Monday, January 6, 2020
The Section on Nonprofit and Philanthropy Law of the AALS hosted a panel at #AALS2020 on Sunday January 5 entitled Charitable Giving and the 1969 Act: 50 Years Later. Roger Colinvaux of the Catholic University of America, Columbus School of Law moderated the session. Professor Colinvaux provided an excellent synopsis of the Act and the historical milieu in which it took place. He also did a nice job of presenting the stakes involved then and now.
Dana Brakman Reiser of Brooklyn Law School presented her article in progress Charity Regulation in the Age of Impact. It considers the ways in which the 1969 Tax Reform Act hinders types of investing that Professor Brakman believes are natural fits for private foundations. She explores novel ways of modifying the Act in order to allow private foundations to make more mission related investments (MRIs) and program related investments (PRIs).

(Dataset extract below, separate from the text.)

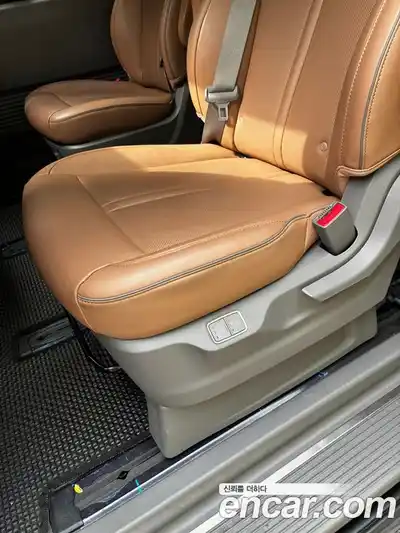 Hyundai Staria 2025 1.6 гидро в Москве № 2049775, миниатюра 5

Khrista McCarden of Tulane University Law School presented her article in progress on Private Operating Foundation Reform & J. Paul Getty. She argues that private operating foundations that operate as art museums are too often providing little in the way of public benefits because they tend to systematically exclude lower income and minority populations. She also believes these private operating foundations are particularly subject to self-dealing abuses that neither the IRS nor states attorney general respond to in an appropriate way.
Finally, Ray D. Madoff, of Boston College Law School, presented her article in progress The Five Percent Fig Leaf examines some of what she perceives as the failure of the private foundation regime to ensure an appropriate payout amount of five percent from private foundations. She argues the allowance of three types of expenditures to count towards payout is too lenient: administrative expenses (that allow donor children to be paid well into the future for often little work), payments to donor advised funds, and PRIs.
There was active questioning and participation from the audience. These issues clearly resonate at a high level of society. These papers will be published in the Pittsburgh Tax Review in Spring 2020 along with two other papers by Ellen P. Aprill and James J. Fishman The five papers were presented at the University of Pittsburgh on November 1, 2020 as part of a symposium.
Next years AALS will be in San Francisco. I will be the chair this coming year and would be interested in any thoughts on panel ideas for next years session. The theme of the general conference is the Power of Words. Also very interested in highlighting new professors in the field. Would love to put together a new voices panel in addition to a regular panel.